● Records excerpted from a collection:
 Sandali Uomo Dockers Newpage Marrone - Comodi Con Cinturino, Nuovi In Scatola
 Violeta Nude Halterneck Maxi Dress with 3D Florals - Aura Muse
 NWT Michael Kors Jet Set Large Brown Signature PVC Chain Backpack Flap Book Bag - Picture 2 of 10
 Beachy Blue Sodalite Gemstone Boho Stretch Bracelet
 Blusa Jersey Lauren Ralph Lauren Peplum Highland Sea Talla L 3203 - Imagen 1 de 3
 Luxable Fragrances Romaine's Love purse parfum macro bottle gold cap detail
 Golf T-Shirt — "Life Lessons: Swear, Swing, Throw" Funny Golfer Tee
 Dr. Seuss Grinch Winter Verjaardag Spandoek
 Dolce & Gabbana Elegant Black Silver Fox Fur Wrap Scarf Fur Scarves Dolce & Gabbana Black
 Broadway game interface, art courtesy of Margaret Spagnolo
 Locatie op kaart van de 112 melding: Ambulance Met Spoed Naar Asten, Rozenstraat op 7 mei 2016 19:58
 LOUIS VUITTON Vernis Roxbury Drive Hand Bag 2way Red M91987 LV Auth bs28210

● Problem details: Scan the lines above for "Dr. Seuss Grinch Winter Verjaardag Spandoek" and for "Locatie op kaart". Repeat exactly the line holding each of them and every line in between.

● Completed task:
 Dr. Seuss Grinch Winter Verjaardag Spandoek
 Dolce & Gabbana Elegant Black Silver Fox Fur Wrap Scarf Fur Scarves Dolce & Gabbana Black
 Broadway game interface, art courtesy of Margaret Spagnolo
 Locatie op kaart van de 112 melding: Ambulance Met Spoed Naar Asten, Rozenstraat op 7 mei 2016 19:58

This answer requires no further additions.